**EXCERPTED DATA:**
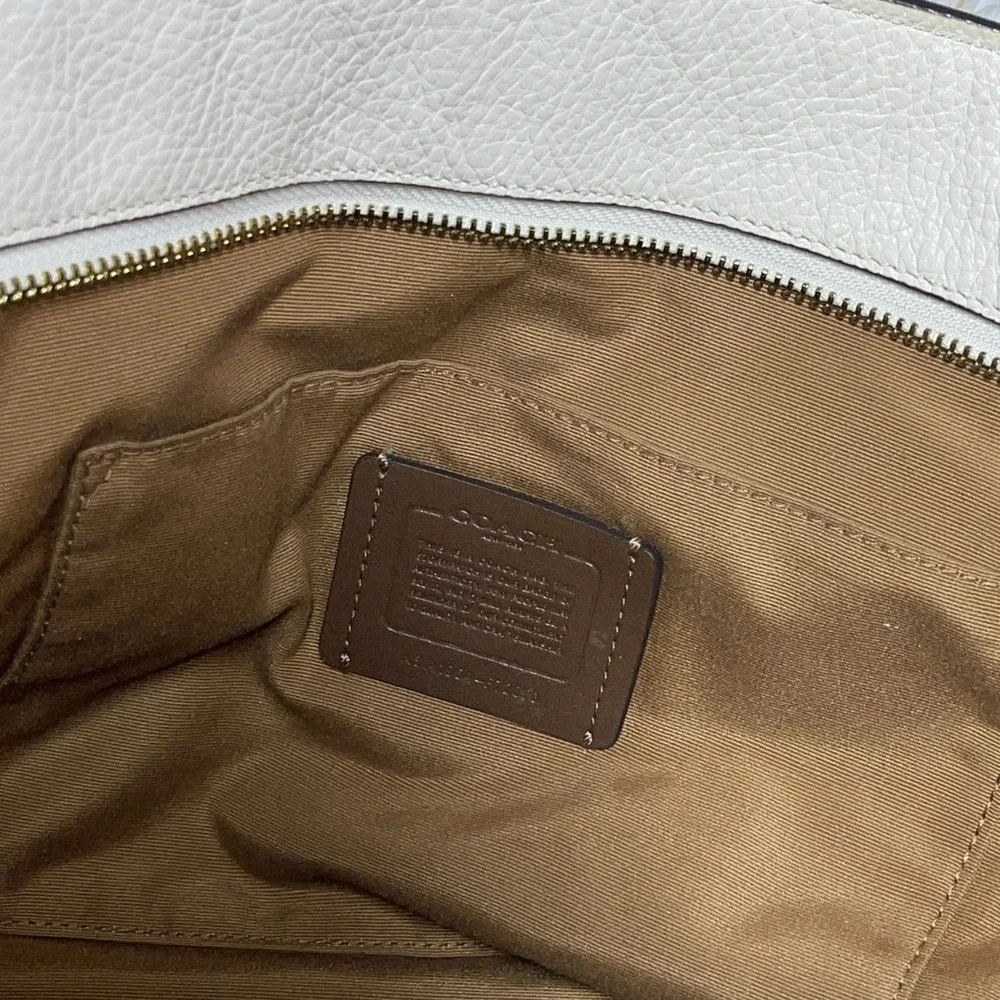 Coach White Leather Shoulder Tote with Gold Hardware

---

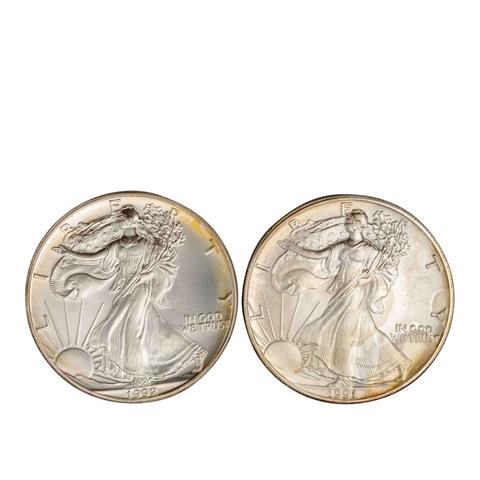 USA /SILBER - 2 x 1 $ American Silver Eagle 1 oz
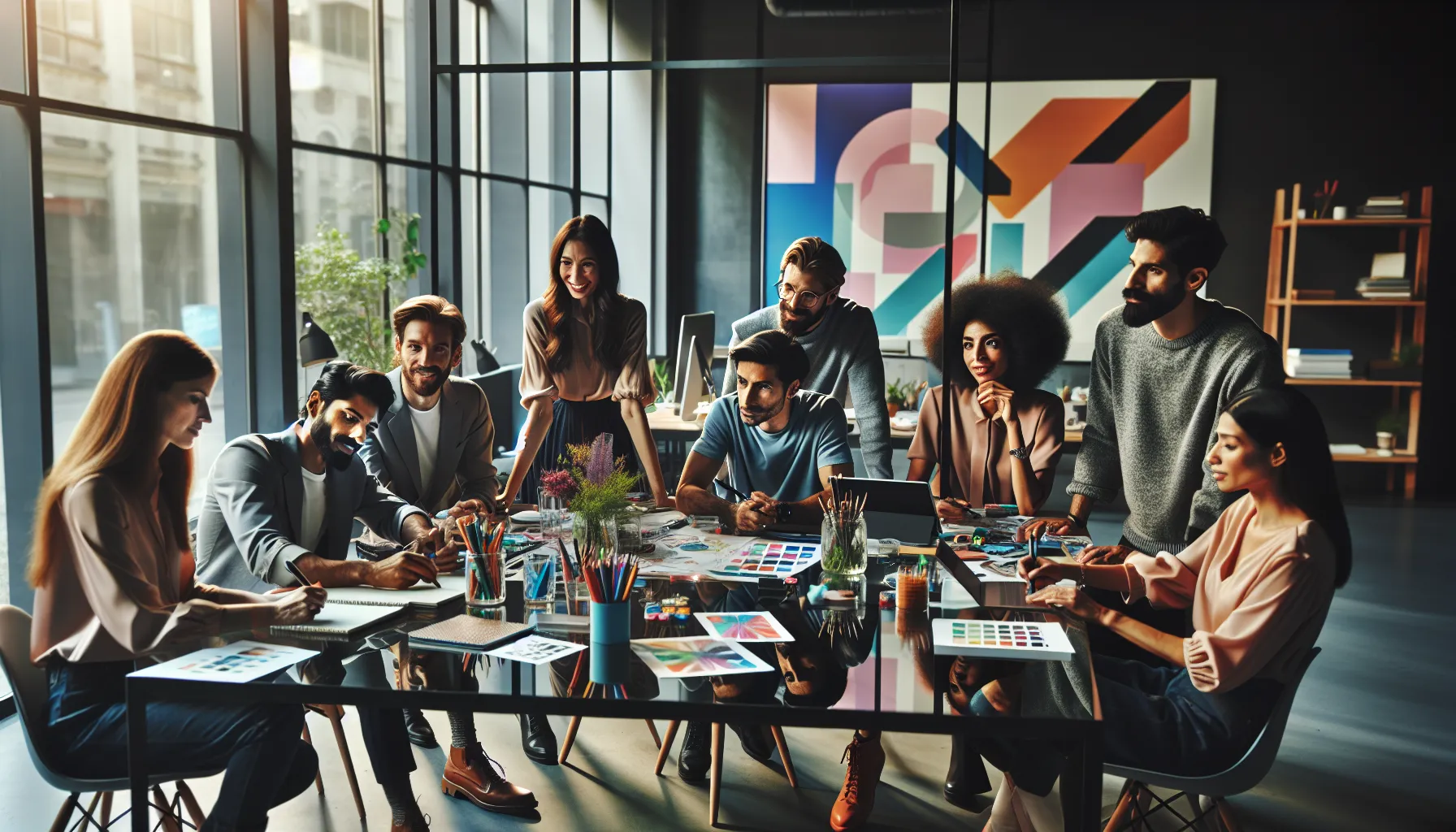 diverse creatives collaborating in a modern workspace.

--

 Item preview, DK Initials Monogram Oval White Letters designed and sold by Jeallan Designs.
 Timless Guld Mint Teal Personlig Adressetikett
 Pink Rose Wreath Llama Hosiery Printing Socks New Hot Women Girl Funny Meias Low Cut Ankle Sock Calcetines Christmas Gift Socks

**EXERCISE:**
Copy the lines above exactly. Start with the line containing "Timless Guld Mint", end with the line containing "Pink Rose Wreath", and include both.

**TASK ANSWER:**
 Timless Guld Mint Teal Personlig Adressetikett
 Pink Rose Wreath Llama Hosiery Printing Socks New Hot Women Girl Funny Meias Low Cut Ankle Sock Calcetines Christmas Gift Socks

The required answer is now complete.